Yo tendría doce años cuando escuché, después de revolver cassettes viejos y despintados en algún cajón perdido, una canción potente como un rayo, que arranca con una frase estrepitosa e inolvidable… (“Pasó de moda el golfo como todo, viste vos”…)
¿Qué me quería decir esa voz? ¿Cómo iba a pasar de moda el golfo, si nunca lo había sido? Yo vivía a orillas del Golfo Nuevo, en Puerto Madryn. ¿Hablaba de ése Golfo? ¿Qué corno era el golfo? No se refería a ése golfo; eso era seguro (“…Como tanta otra tristeza a la que te acostumbrás…”.)

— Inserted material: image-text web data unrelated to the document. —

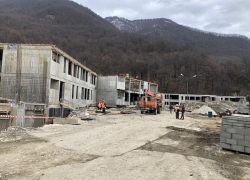 Школа и детский сад в Красной поляне готовы на 40 процентов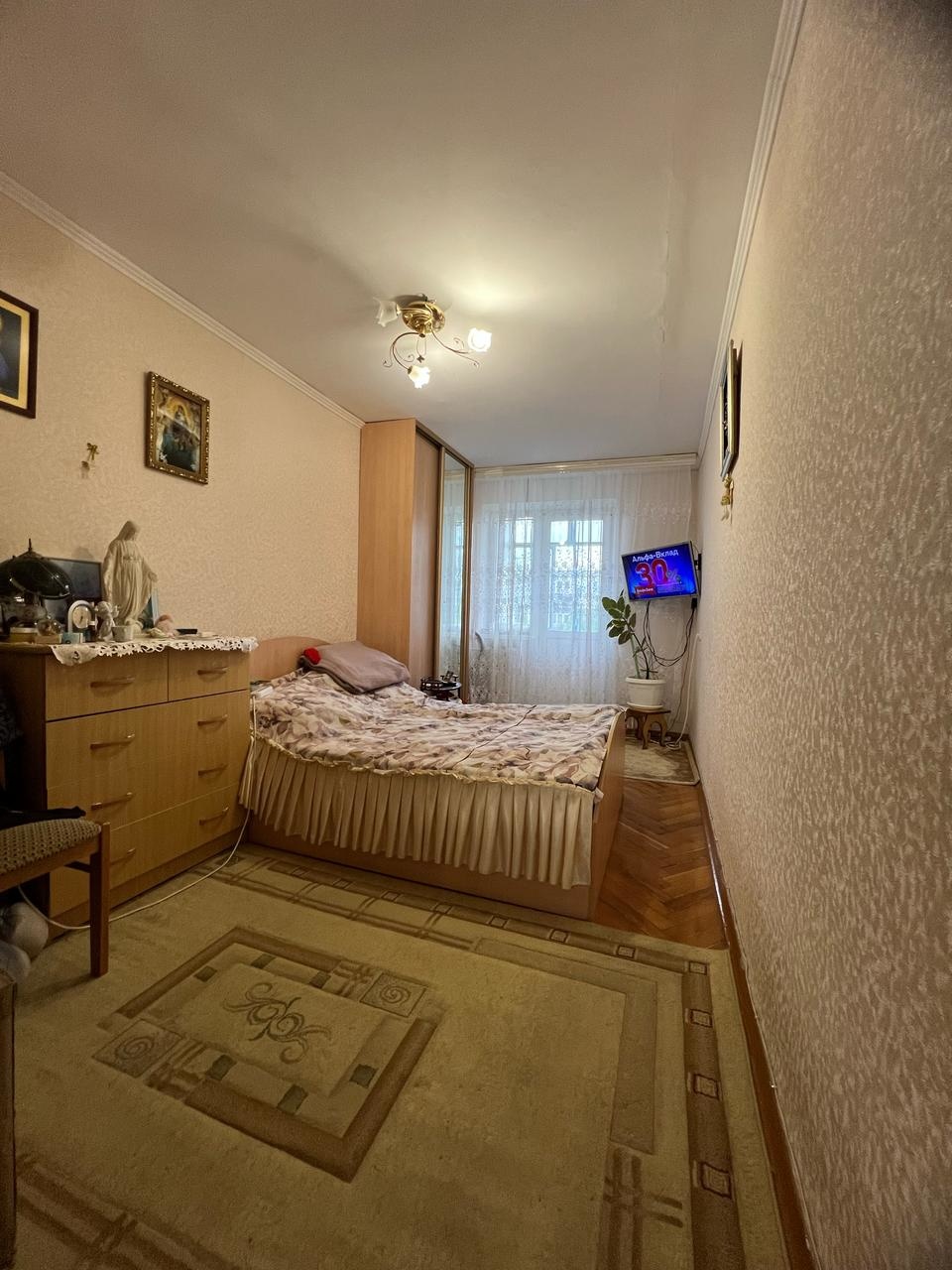 Продам трехкомнатную квартиру в старом центре Анапы.
В квартире сделан свежий ремонт.
Частично оставляю мебель и технику.
Дом располагается в центральной части города Анапа.
Рядом школа, садик, центральный рынок.
Инфраструктура развита.
В собственности давно, полная стоимость в договоре.
Собственник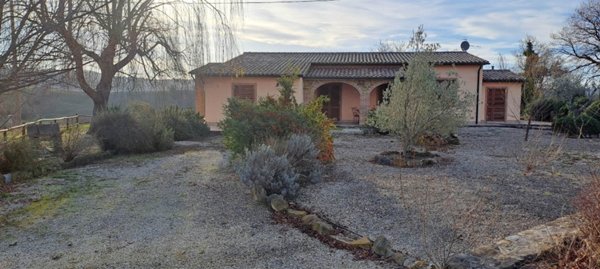 appartamento in vendita a Manciano in zona Saturnia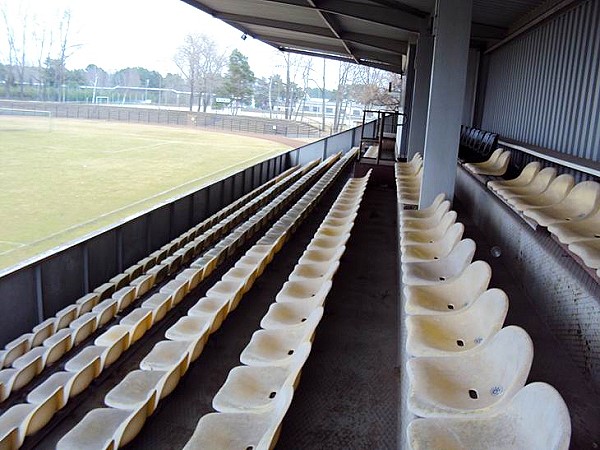 Stadion der Hüttenwerker auf den Sportanlagen Waldstraße - Eisenhüttenstadt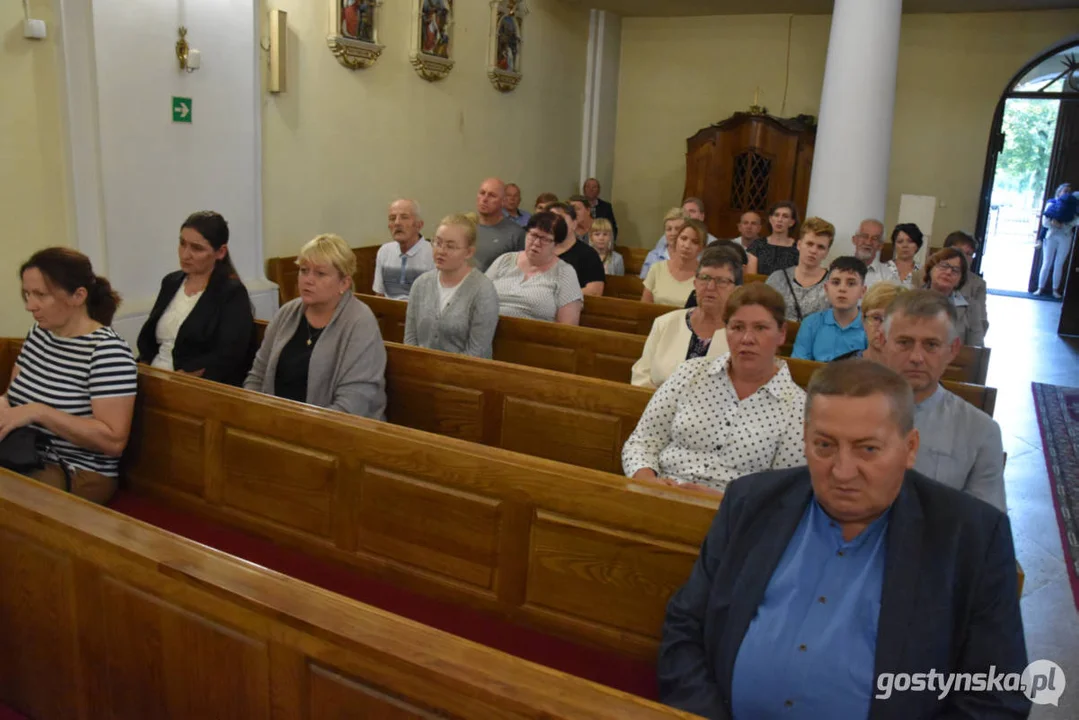 Pożegnanie proboszcza ks. Artura Michalaka w parafii pw. Świętej Trójcy w Zimnowodzie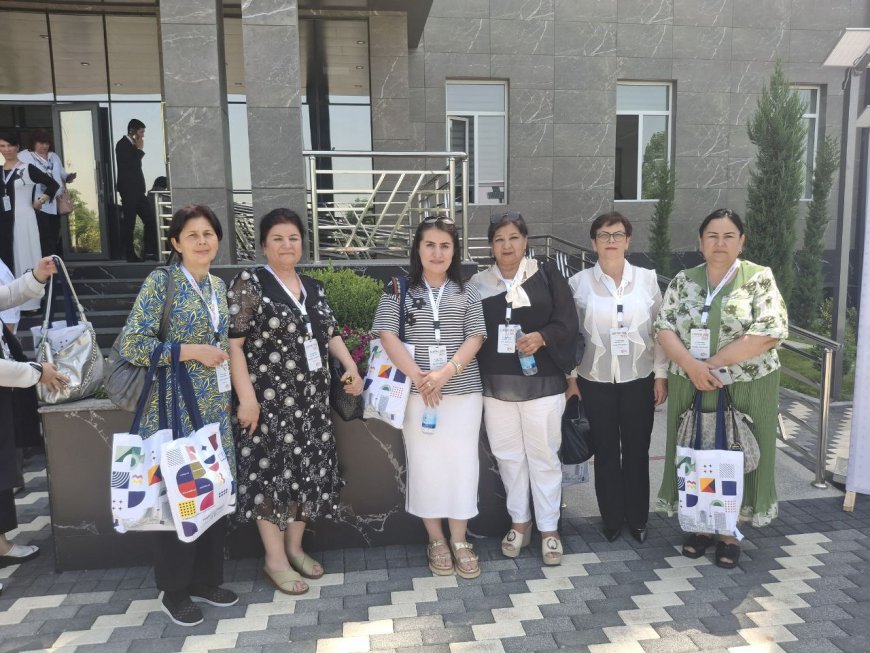 Хорезмская Областная научная медицинская библиотека, г. Ургенч, Узбекистан.  Основана в 1976 г.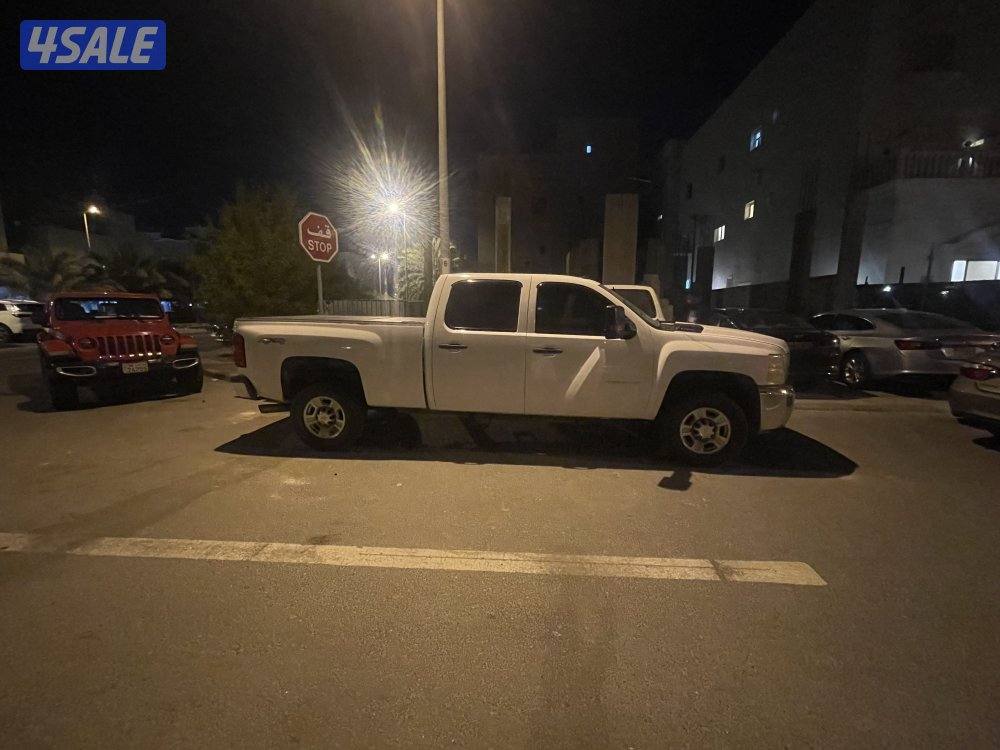 للبيع وانيت سلفرادو موديل 2010 أج دي دبل قير2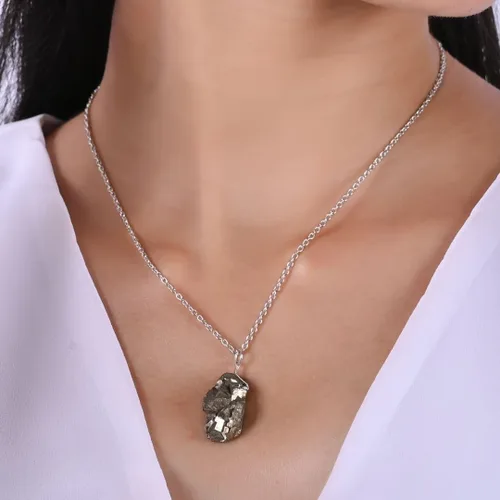 Vista 2 de Gempires - Collar con colgante de piedra de pirita natural para mujer, joyería de piedras preciosas de cristal crudo, latón hipoalergénico de 18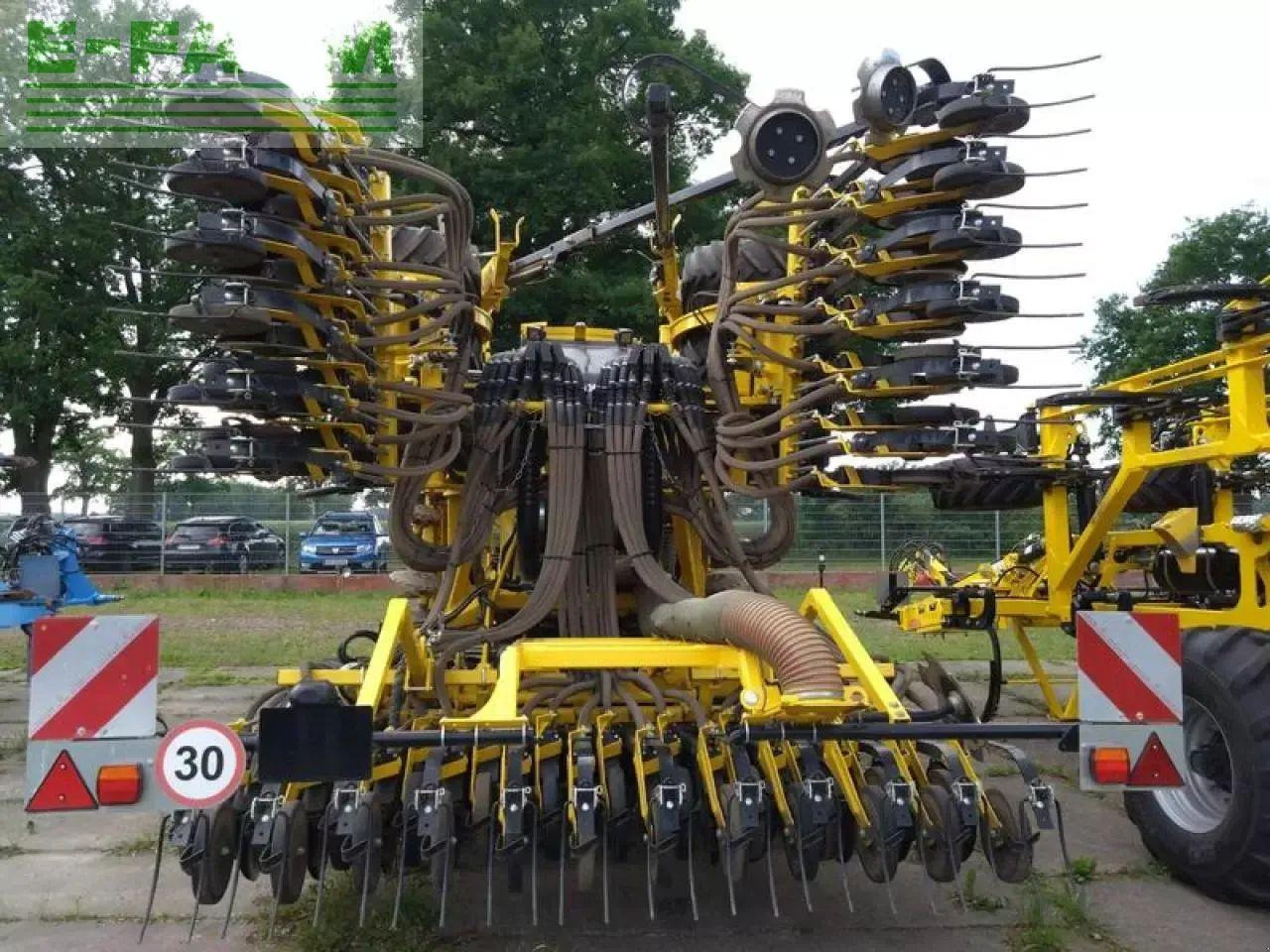 Horsch bednar omega 6000 - Sijačica: slika Horsch bednar omega 6000 - Sijačica Horsch bednar omega 6000 - Sijačica: slika Horsch bednar omega 6000 - Sijačica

La canción me taladró la cabeza (“…calles inteligentes, alemanas para armar”), me sacudió la cotidianeidad.
Necesité saber esa canción, cantarla a la par de esa voz, jugar a ser esa voz (“…y muchos marines de los mandarines…”). Pero para cantar mí canción tenía que necesariamente estudiar la letra: la canción de estos tipos no podía prescindir de la letra. Quien le pone a una canción “Queso ruso”, tiene algo para decir. Y el tipo que cantaba me quería decir algo cuando me decía que el golfo había pasado de moda. Nos entendíamos, la moda estaba ahí y un montón de idiotas la seguían; yo trataba de no ser uno más.
El tipo me caía bien.(“...Fijate de qué lado de la mecha te encontrás”) Él me entendía, y yo le entendía la letra de la canción, o mejor: me hacía el que la entendía. Y me armé una justificación para cada fragmento, para cada palabra, para cada voz. (“Y hay algo en vos que está empezando a asustarte”).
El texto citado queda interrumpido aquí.